Sì, due tronchi tagliati da tempo invitano a sedere. È solo una panchina naturale, difficile da riconoscere, ma è l'ideale quando si decide di scendere le scale nel buio dentro di noi.
Lei una leggiadra fanciulla che abitava quella proprietà, lui un giovane attore semisconosciuto uscito da uno sceneggiato, entrato per caso in quel giardino, entrambi protagonisti di una magia.
I due si innamorano sulle parole che creano un mondo infinito, si colorano di verità e si aprono all'intima poesia.
Ecco. L'upupa è scesa dal monte... li guarda. Il suo sguardo è sapiente.
Qualcosa accade.
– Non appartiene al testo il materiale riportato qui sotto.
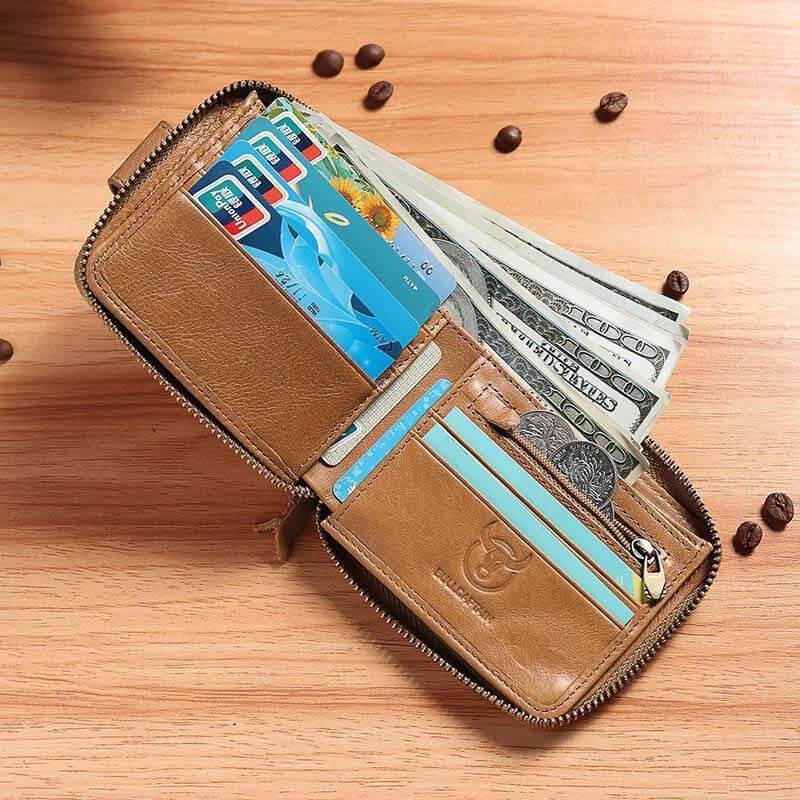 Hommes RFID Antimagnétique Solid Solid Sacs Soux de Card Sac à maille de monnaie Portefeuille à glissière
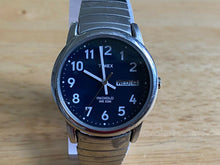 Load image into Gallery viewer, Timex Indiglo Men 50m Silver Black Stretch Analog Quartz Watch Hours-New Battery
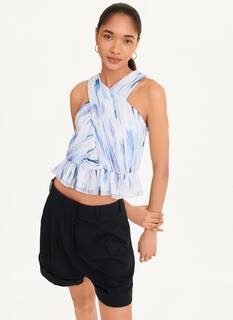 Топ DKNY Sleeveless Printed Chiffon Halter, белый/мультиколор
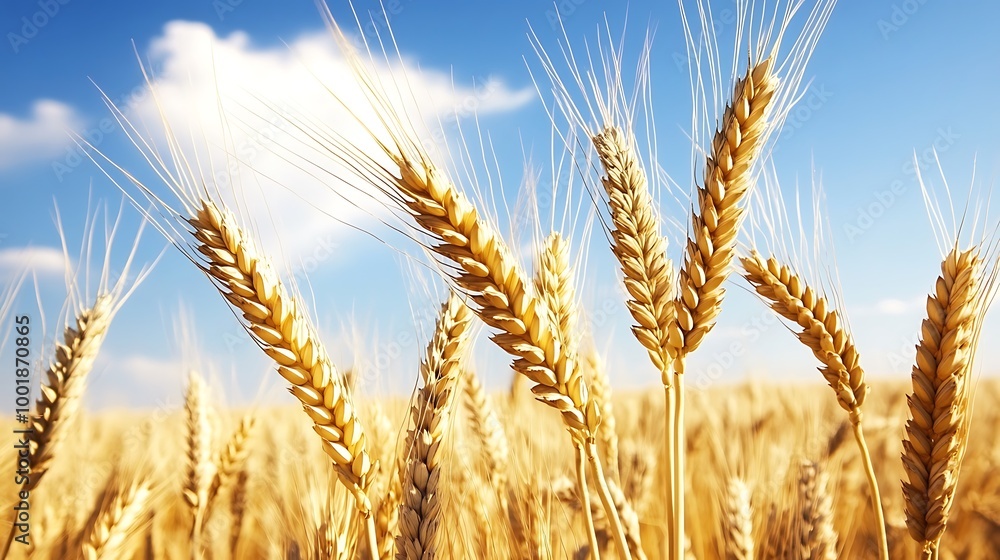 A truly picturesque scene capturing the essence of a rich and abundant harvest, with fields of golden wheat under a brilliant blue sky. A truly picturesque scene capturing the essence of a rich and abundant harvest, with fields of golden wheat under a brilliant blue sky.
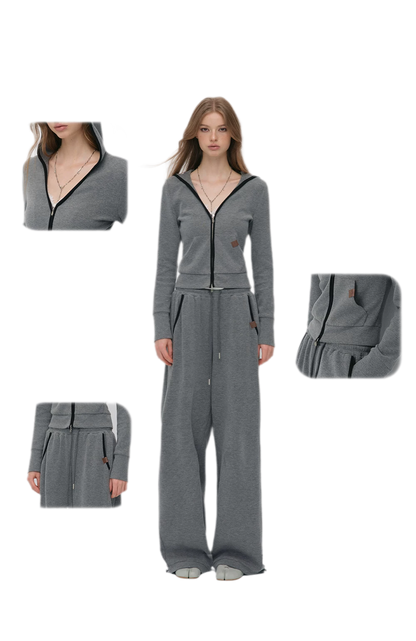 Contrast Trim Hooded Tracksuit Set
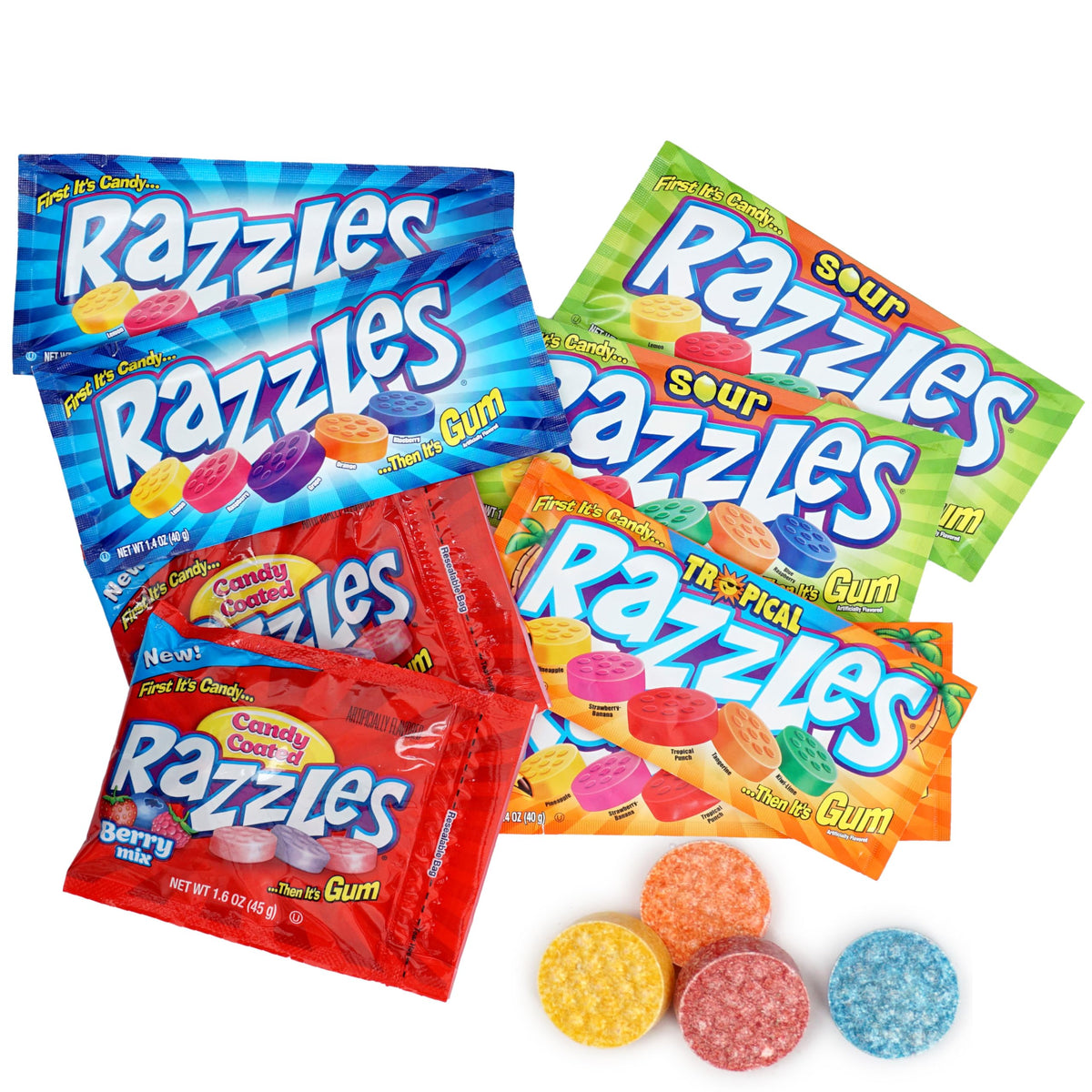 Razzles Candy Gum 8-Pack Variety – Berry, Tropical, Sour & Original | The Hampton Candy Company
I due vibrano all'unisono... sono sempre più evanescenti... si infilano infine ineluttabilmente nei due tronchi odorosi e lì rimangono per sempre a vivere nel segreto delle radici che li collegano, delle radici magiche della sapienza.
Due rametti pieni di foglie rimangono a perpetuare il loro passaggio. Indicano il portale a chi lo sa vedere.
Ecco. In quel giardino è rimasto un luogo di meditazione di cui molti non si accorgono neppure, ma, quando qualcuno lo scopre, il passaggio si apre entra in un mondo di parole pieno di idee ed emozioni che regala l'eternità.